À la lumière des repères de la science politique, l’auteur passe au crible les récentes crises africaines, de la Libye à la Côte d’Ivoire, et voit dans la nouvelle détermination de la communauté internationale à valider fermement la démocratie, un tournant dans l’histoire de l’Afrique.
Dynamiques africaines 2011 : le retour de l’Histoire
African dynamics in 2011: a historical turning point
With references from political science, the author puts recent African crises, from Libya to the Ivory Coast under the microscope, and sees a turning point in African history in the international community’s new determination to encourage democracy.
En 1648, c’est de la signature des traités de paix de Westphalie que naquit l’État moderne. Celui-ci joua le rôle déterminant dans les relations internationales jusqu’à l’avènement du multilatéralisme, à la création de la Société des Nations (SDN) en 1919. L’État partage alors la gestion des affaires internationales avec les organisations internationales. En 1945, la Seconde Guerre mondiale laisse place à un monde bipolaire caractérisé par la lutte entre deux camps, l’Est communiste et l’Ouest capitaliste. Il a fallu attendre 1989 pour voir s’écrouler le mur de Berlin qui les séparait, puis l’éclatement de l’URSS en 1990, fragilisant le bloc oriental. La victoire de l’idéologie libérale permit au chercheur américain Francis Fukuyama de proclamer « la fin de l’Histoire » avec la généralisation de la démocratie comme régime politique. La planétarisation de la démocratie devrait apporter la paix perpétuelle au monde, celle qu’avait tant espérée Emmanuel Kant. Cette attente fut vite relativisée par Samuel Huntington qui, en 1993, pronostiqua « le choc des civilisations ». Le 11 septembre 2001, les attaques terroristes contre les États-Unis d’Amérique ont été perçues comme la manifestation de la remise en cause de l’ordre libéral par une menace fondée sur l’extrémisme.

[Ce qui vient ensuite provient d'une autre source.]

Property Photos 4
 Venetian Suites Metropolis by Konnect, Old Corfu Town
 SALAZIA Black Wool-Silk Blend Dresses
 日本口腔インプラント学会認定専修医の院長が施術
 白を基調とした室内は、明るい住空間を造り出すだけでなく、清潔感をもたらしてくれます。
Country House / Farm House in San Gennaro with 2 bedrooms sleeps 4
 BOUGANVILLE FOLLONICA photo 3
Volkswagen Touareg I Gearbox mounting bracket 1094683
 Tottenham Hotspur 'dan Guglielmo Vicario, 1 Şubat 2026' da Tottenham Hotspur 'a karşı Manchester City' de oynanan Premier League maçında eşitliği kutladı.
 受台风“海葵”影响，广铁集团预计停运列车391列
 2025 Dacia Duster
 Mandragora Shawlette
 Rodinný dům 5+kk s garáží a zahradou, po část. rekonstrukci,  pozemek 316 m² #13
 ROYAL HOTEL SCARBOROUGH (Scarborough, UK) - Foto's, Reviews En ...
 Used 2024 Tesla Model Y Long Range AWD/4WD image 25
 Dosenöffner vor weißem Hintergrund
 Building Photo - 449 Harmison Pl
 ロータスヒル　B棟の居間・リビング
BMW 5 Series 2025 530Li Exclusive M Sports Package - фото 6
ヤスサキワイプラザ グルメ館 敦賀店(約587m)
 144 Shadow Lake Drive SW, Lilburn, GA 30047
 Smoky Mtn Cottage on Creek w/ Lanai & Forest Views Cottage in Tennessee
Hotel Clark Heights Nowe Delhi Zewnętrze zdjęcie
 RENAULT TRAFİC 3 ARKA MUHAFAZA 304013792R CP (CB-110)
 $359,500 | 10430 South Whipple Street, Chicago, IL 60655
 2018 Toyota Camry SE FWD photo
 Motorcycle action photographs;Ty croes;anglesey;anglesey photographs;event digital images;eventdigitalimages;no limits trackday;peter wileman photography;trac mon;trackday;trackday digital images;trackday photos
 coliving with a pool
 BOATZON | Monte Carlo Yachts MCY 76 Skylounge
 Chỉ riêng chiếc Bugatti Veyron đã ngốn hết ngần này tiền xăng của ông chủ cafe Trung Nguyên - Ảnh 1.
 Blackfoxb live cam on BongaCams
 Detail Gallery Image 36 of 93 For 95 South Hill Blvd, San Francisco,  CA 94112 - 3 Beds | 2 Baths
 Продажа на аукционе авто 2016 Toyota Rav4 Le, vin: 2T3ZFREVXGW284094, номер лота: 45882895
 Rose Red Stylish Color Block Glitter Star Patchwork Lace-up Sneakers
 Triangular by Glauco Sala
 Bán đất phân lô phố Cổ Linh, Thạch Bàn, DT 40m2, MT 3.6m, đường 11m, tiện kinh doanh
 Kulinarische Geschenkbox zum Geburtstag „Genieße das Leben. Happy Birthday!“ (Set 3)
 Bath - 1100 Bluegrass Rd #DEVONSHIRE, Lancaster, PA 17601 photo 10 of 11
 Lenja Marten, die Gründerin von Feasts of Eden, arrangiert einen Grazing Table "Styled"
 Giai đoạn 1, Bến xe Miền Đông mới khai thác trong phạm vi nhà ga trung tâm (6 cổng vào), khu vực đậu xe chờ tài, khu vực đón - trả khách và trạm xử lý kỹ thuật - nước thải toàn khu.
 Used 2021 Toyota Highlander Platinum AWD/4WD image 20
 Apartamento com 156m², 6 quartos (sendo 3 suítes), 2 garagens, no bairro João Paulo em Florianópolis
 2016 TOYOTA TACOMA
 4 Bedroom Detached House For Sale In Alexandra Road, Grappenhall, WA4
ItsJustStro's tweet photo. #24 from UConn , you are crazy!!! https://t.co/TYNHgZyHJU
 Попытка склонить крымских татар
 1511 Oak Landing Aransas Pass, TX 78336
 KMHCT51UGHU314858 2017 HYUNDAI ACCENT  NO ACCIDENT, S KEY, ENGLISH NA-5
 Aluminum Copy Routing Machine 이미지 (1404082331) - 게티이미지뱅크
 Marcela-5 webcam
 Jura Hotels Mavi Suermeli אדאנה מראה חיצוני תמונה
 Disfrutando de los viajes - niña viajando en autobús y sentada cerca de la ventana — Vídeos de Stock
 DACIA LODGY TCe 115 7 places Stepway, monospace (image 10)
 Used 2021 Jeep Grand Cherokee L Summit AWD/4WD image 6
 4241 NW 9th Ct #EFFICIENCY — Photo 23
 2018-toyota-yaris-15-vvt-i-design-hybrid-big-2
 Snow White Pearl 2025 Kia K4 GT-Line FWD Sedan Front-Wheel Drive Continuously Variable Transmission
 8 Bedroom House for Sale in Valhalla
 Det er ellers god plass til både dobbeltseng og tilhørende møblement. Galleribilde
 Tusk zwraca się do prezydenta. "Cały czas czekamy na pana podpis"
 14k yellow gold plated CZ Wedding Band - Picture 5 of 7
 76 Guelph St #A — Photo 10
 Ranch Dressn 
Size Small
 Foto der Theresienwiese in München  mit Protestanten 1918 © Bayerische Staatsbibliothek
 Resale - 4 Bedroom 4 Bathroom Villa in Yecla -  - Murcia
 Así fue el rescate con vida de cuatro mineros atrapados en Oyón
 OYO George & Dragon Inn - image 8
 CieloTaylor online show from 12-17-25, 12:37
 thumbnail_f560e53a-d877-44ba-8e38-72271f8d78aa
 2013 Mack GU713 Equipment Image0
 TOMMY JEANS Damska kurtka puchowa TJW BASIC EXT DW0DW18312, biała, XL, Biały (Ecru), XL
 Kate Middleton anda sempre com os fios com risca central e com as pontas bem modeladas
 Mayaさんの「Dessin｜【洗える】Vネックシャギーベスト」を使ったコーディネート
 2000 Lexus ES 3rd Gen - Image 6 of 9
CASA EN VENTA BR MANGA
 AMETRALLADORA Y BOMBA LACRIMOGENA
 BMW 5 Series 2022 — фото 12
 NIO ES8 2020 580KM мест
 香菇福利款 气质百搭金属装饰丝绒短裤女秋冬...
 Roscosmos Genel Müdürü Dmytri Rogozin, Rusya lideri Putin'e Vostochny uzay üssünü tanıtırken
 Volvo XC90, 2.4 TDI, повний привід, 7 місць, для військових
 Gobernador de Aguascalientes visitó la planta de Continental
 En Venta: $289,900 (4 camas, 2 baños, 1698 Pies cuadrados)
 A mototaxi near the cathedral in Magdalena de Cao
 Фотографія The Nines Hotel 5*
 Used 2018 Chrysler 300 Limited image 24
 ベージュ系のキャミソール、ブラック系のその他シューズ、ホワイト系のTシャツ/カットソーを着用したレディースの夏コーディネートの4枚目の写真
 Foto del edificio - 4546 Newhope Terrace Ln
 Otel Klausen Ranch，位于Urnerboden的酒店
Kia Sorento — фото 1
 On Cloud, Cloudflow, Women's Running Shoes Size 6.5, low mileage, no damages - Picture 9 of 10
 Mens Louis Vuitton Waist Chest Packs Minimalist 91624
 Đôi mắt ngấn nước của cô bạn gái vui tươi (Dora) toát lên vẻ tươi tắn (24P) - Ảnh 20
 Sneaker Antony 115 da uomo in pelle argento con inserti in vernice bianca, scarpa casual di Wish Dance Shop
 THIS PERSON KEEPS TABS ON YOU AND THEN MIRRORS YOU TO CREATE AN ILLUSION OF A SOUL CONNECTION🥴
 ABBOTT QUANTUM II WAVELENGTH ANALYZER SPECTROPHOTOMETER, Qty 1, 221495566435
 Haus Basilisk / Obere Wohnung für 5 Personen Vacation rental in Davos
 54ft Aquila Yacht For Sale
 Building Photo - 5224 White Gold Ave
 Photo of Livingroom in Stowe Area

L’actualité africaine de ce premier semestre 2011 montre un retour fracassant de l’Histoire.
La fin de l’Histoire prédisait l’avènement de la paix car « les démocraties ne se font pas la guerre ». La démocratie occidentale dite libérale devrait donc être proposée au reste du monde comme régime idéal. Après une vingtaine d’années d’expérimentation, ce processus connaît des limites, surtout en Afrique subsaharienne et dans les pays arabes. En 2011, les démocraties libérales occidentales, avec à leur tête la France, la Grande-Bretagne et les États-Unis d’Amérique, ont décidé de changer le destin de ces pays longtemps soumis à des régimes dits dictatoriaux. Ils profitent des mouvements sociaux pour inviter les gouvernants de ces régimes à partir. Pacifiquement, ou presque, la Tunisie et l’Égypte ont connu le départ de leurs Présidents. Le guide libyen a été emporté par le vent provoqué par des insurgés-rebelles constitués en Conseil national de transition (CNT) soutenu militairement par la coalition des trois leaders occidentaux cités plus haut, puis par l’Otan dont ils occupent les premiers rangs, avec « l’aval » des Nations unies entériné par la résolution 1973. Par des bombardements, ils ont facilité la tâche des insurgés qui lentement ont avancé vers Tripoli pour déloger le guide du pouvoir.